Phoenix Radio 96.7 FM
- Halifax; England;
- Broadcast area: Calderdale
- Frequency: 96.7 MHz
- RDS: PHOENIX

Programming
- Format: Community-based

Ownership
- Owner: Phoenix Radio Limited

History
- First air date: 10 December 2007

Technical information
- Transmitter coordinates: 53°43′39″N 1°51′49″W﻿ / ﻿53.7276°N 1.8635°W

Links
- Website: www.phoenixfm.co.uk

= Phoenix Radio =

Phoenix Radio 96.7 FM is a local radio station based in Halifax, in West Yorkshire, England. It broadcasts on FM and DAB+ frequencies, 24 hours a day to the Metropolitan Borough of Calderdale, and the surrounding areas and around the world online. It is owned and run by Phoenix Radio Ltd, which has also previously held six restricted service licences (RSLs) in the past. It was awarded its full-time licence by OFCOM, thus becoming, on 10 December 2007, Calderdale's first and only local radio station.

==History==
Since its conception in 1998, Phoenix Radio 96.7 FM has had six broadcasts over the years on restricted service licences. Over that period of time of RSLs it had been broadcasting on two differing frequencies 106.2 FM and 107.2 FM.

In 2005, Phoenix Radio Limited was awarded a full-time license to broadcast on the 96.7 FM frequency, as a local radio station with a format that is community-based. Phoenix Radio is a member of the Community Radio Association whose code of practice is to take positive action to ensure that the needs of the listening audience is met through selective programme scheduling and by listening and acting on what the audience tells the station what they want from the local medium .

The station was launched at 7am on Monday 10 December 2007 and was officially opened by the Mayor of Calderdale.

In order to gain funding, initially phoenix radio gained funding from the Princes Trust, and other charities whilst providing an educational setting teaching radio production, interviewing and production techniques. These students worked towards Youth Achievement awards.

==Technical and broadcast==
The studios are based in the Dean Clough complex in Halifax, Calderdale. The transmitter that Phoenix Radio 96.7 FM uses is on the roof of Calderdale College in Halifax, which has been used since September 2025.

The station broadcasts to Calderdale and the FM signal can be reached in the surrounding areas of Halifax, south Bradford, north Kirklees and south-western Leeds.
They also stream the broadcasts via its website.

The station also broadcasts RDS text. The RDS name is PHOENIX.

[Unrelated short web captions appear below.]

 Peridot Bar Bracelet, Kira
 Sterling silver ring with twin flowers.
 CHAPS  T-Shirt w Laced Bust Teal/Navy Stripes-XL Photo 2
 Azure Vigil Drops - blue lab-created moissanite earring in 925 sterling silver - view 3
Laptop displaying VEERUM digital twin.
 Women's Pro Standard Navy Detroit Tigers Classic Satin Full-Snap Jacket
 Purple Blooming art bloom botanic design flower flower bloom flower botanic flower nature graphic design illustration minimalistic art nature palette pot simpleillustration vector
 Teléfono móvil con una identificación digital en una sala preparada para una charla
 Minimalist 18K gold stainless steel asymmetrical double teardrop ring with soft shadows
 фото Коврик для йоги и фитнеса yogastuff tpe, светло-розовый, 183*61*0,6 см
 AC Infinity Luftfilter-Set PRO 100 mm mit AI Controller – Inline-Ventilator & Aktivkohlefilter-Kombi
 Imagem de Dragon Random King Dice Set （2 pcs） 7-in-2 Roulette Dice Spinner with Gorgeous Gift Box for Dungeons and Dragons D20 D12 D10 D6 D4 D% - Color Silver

In March 2026, the station started to broadcast on DAB+ via the small-scale Halifax DAB multiplex, which it shares with Sunrise Radio. This also transmits from the roof of Calderdale College.

==Programming==
Programming on the station includes a wide variety of music genres from the 1950s to current chart and new music from local, national and international artists, studio-based chat involving the local community, interviews with local people, local organisations to politicians and well-known personalities, as well as highlighting issues which affect the local community such as housing, education, sport, disabilities and local recruitment.

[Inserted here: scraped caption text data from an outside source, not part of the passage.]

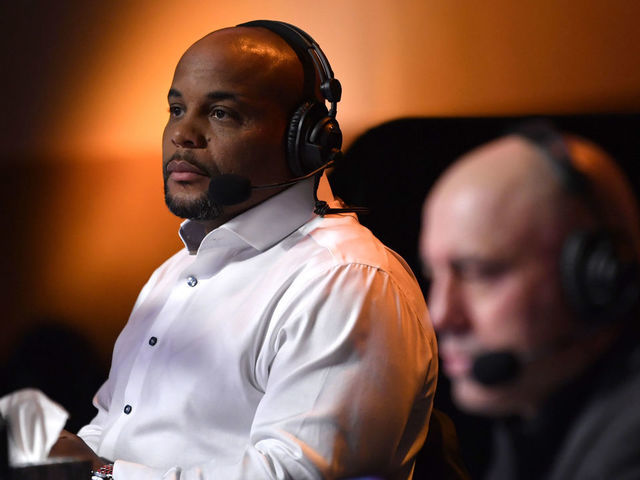LAS VEGAS, NEVADA - NOVEMBER 21: UFC commentator Daniel Cormier looks on during the UFC 255 event at UFC APEX on November 21, 2020 in Las Vegas, Nevada.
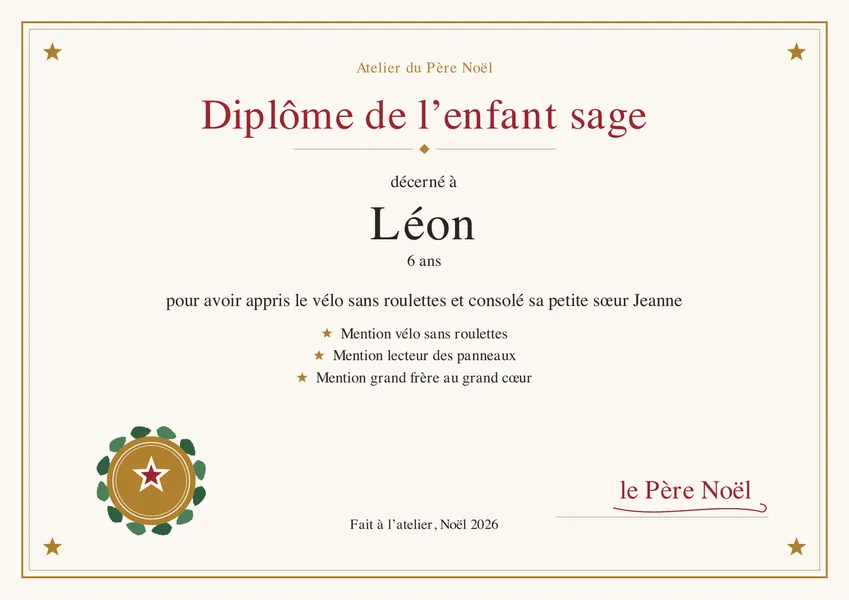 Page 2 du PDF livré : le diplôme de l'enfant sage au prénom de Léon, avec ses mentions, un sceau dessiné et la signature du Père Noël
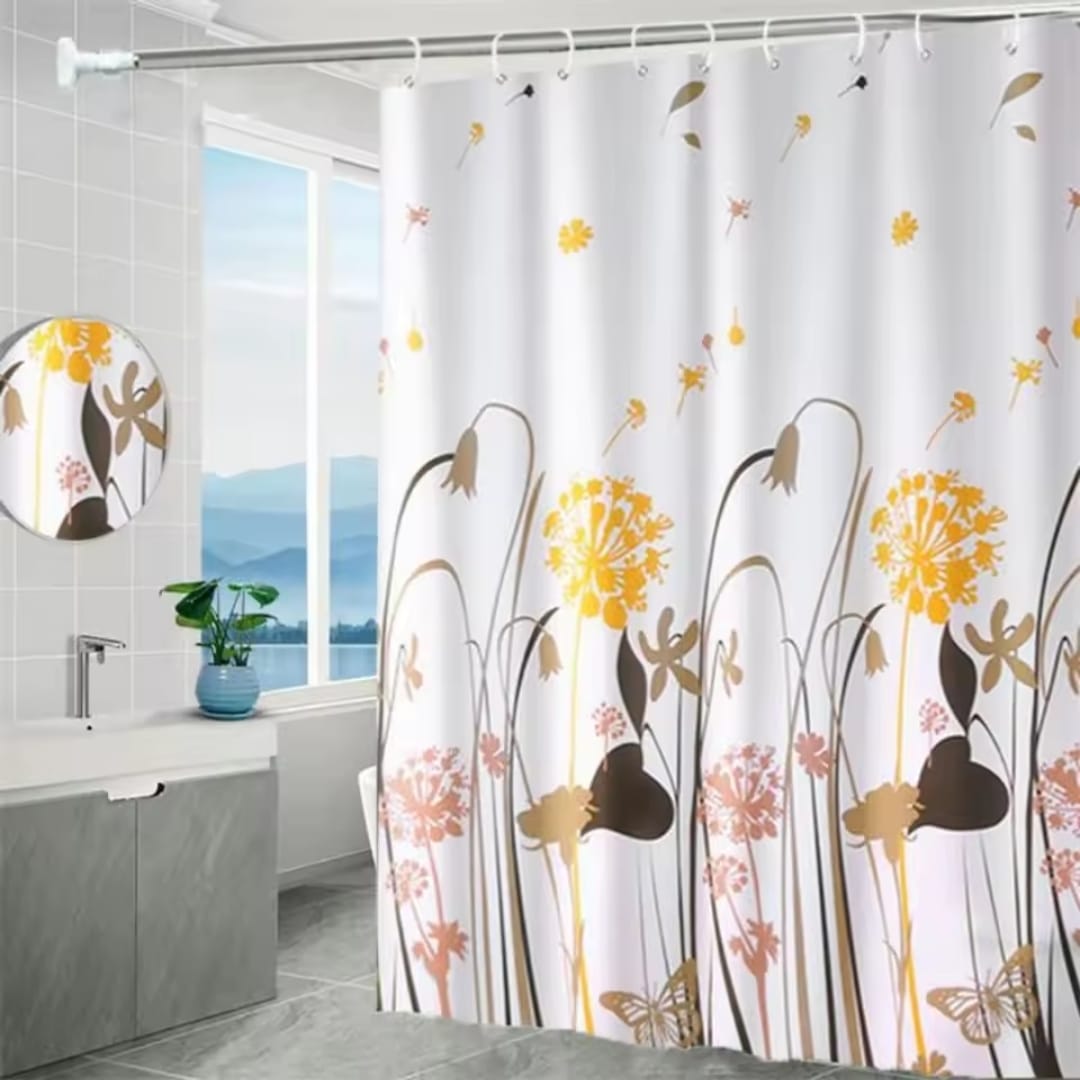 Waterproof Shower Curtain -Size 180x200cm -PEVA Material -Eco-Friendly Bathroom s shower Curtain with Hooks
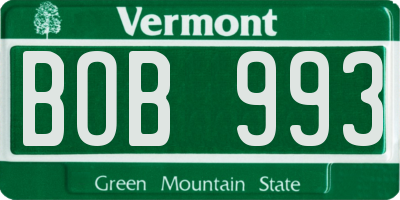 VT license plate BOB993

Throughout the night Sunday/Monday to Friday/Saturday, hits from across the decades are played. However, on Saturday nights through to Sunday morning, specialist dance music programs are broadcast under Phoenix FM's dance music brand 'Phoenix FM Dance'. Presenters are Claire Hunter, Graeme Park, Rob Bray. Aaron Midgley and Mr Lieb also complete the line up. Previous presenters being local DJs and producer Marc Smith.

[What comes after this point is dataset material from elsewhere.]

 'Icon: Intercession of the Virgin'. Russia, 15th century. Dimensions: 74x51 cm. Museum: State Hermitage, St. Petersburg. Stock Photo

'Phoenix FM Dance' replaced the Specialist Dance show which was broadcast between 8pm until 10pm Saturday nights by Local Dj Marc Smith. In which local DJs were given the chance to play a DJ set on his show. This became tremendously popular, and soon led to local retailers offering products to give out free on air during their show. All Marc's shows were broadcast live, which led to some listeners trying to get Marc to give them fake shout outs (mentions on air) for novelty purposes, which gave the show more character and a touch of humour.

==Training==
With support from the European Social Fund and the Learning and Skills Council, Phoenix Radio Ltd were able to set up a radio-based training scheme for young people aged 16–25, the Phoenix Radio Empower Project, offering the Youth Achievement Award. This was originally taught by local and national music producers Alan Hinton and Marc Smith.

Through this training Phoenix went from being an unknown quantity to gaining much support and interest both locally and nationally. Phoenix Radio then became recognised as the first in the country to develop CD-ROM based portfolios for the Youth Achievement Award.

The Phoenix Radio Empower Project was the result of a long-term plan to support the community of Calderdale, in particular the younger people, when the station was off-air (outside RSLs). The Phoenix Radio Empower Project was designed to bring together inclusion and empower young people. Phoenix Radio Limited is now contracted with Entry 2 Employment (e2e) to continue this programme.

Phoenix Radio also provides training for people in community groups who are not familiar with technical skills on radio equipment as well as developing their IT skills. The station aims to build bridges and bridge gaps throughout Calderdale.